4

I am not sure if "minimize correlation" is the right title for this issue but I could not find a better sentence to describe what I would like to achieve.

Let's say that I have a black box with multiple inputs and a single output. I know one of the inputs and the output and I have multiple example recordings of both. This known input modifies the output in a way that it is not desired, therefore, I would like to get rid of this "noise" caused by the known input. The transfer function for this input can be safely assumed as linear.

What I am doing right now, it is to loop through the example recordings, creating a linear regression model to predict the unwanted outcome and subtracting it from the real measured output signal, for each example. Afterwards, I compute the average of all the fixed output signals to reveal meaningful data beyond noise.

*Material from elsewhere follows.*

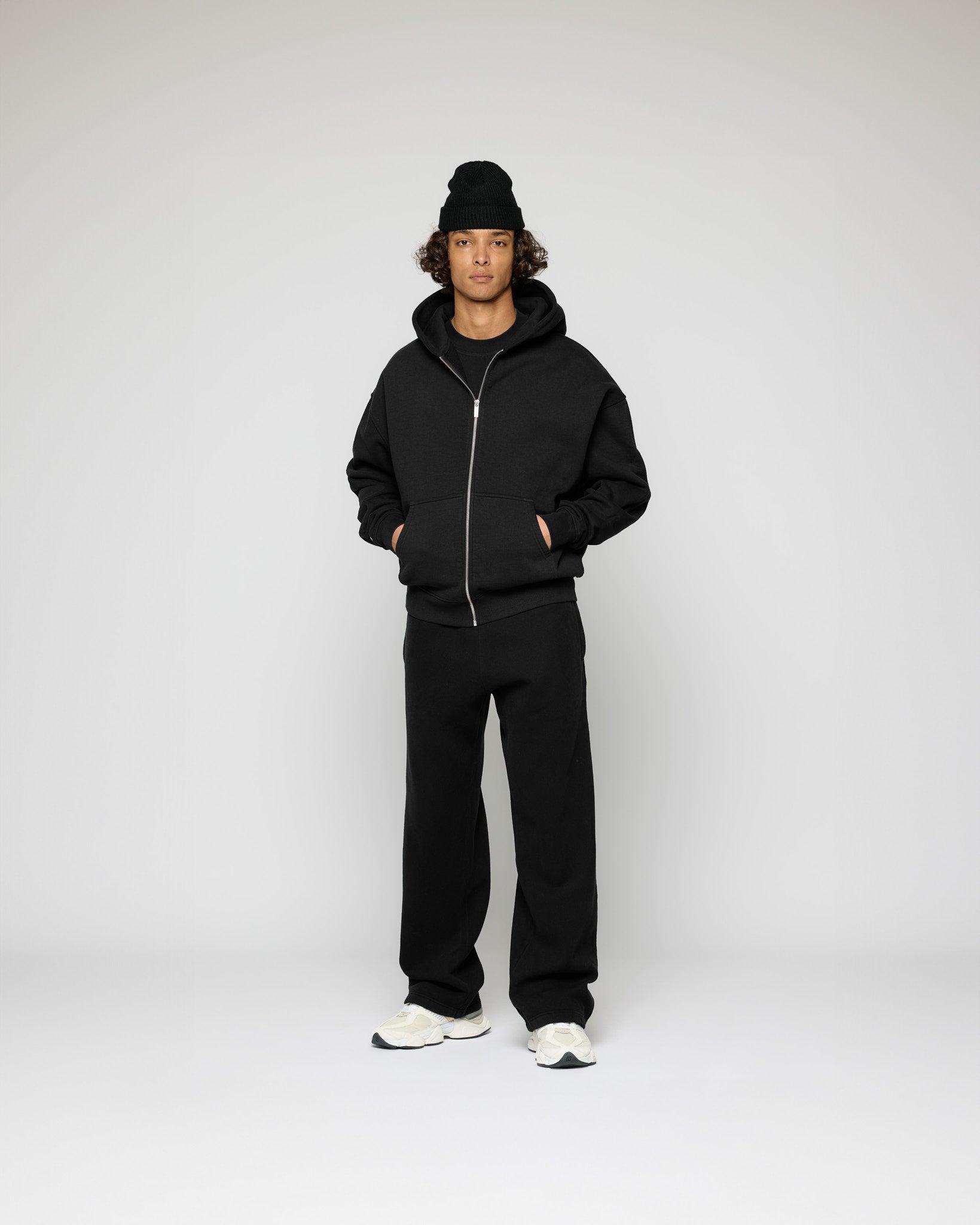 Signature Oversized Zip Hoodie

This strategy seems to work according to the following plot:

X axis is the known input signal, Y axis is the output signal, blue and green dots represent the averaged data before and after applying the linear regression algorithm, respectively. Lines are the best fit for each data set.

You can see that the green line ("cleaned" dataset) has the smallest slope, meaning that the output variable is considerably less linearly correlated with the input than it was previously. Therefore, I assume that the regression technique explained before is working as expected.

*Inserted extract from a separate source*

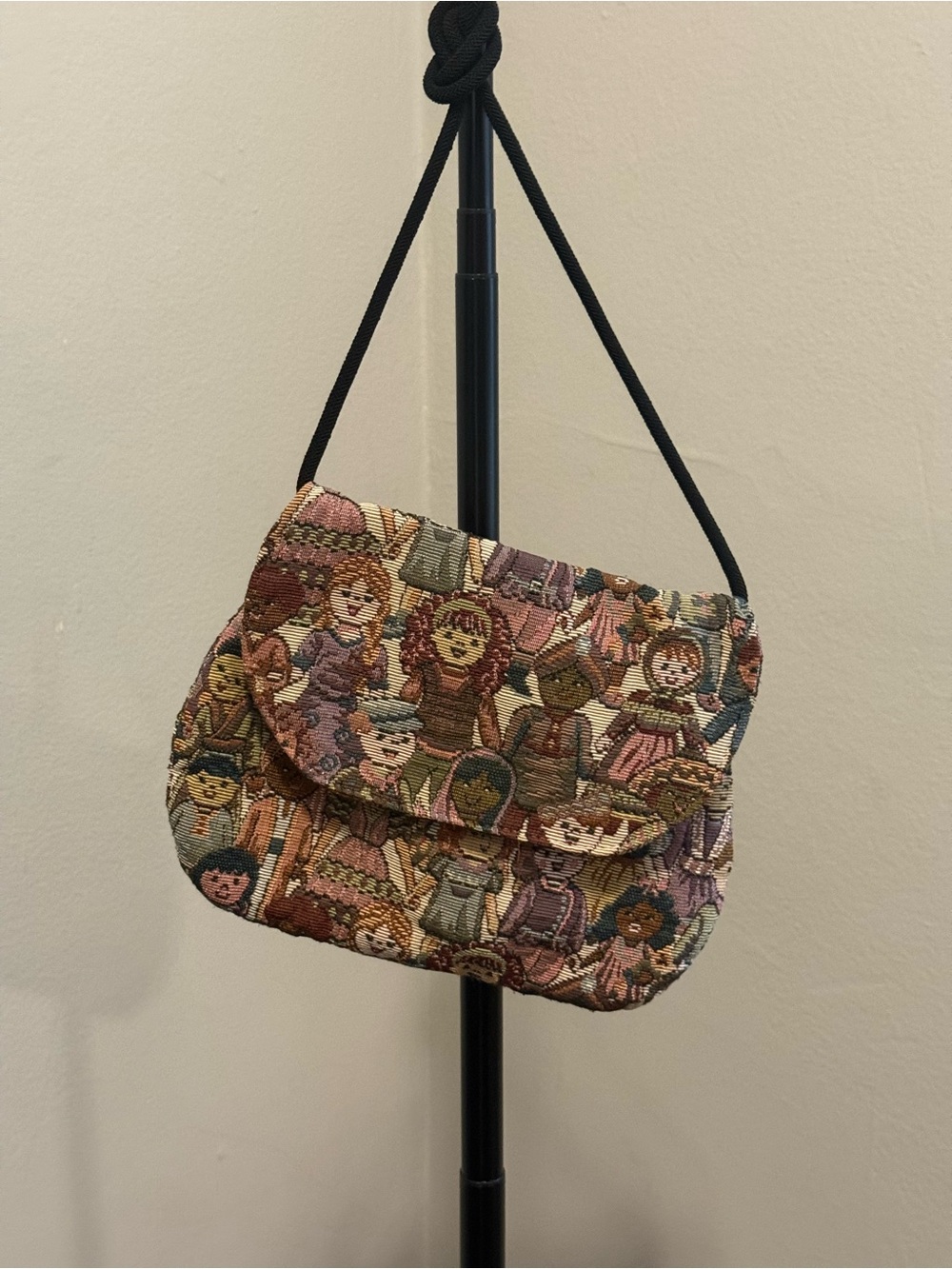 Tapestry Crossbody Shoulder Bag in Multicolor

My question, looking at the plot, is there any mathematical procedure to directly "project" the original dataset in a way that the correlation between the input and output variables is minimized? Is there any math trick to avoid the use of the regression technique on all the example datasets to obtain a similar result?

My written expression is not the best so please feel free to comment the question if you need further explanations.

Any code is welcomed but python (pandas, numpy, etc.) and Matlab are preferred. Theoretical explanations are also very welcomed.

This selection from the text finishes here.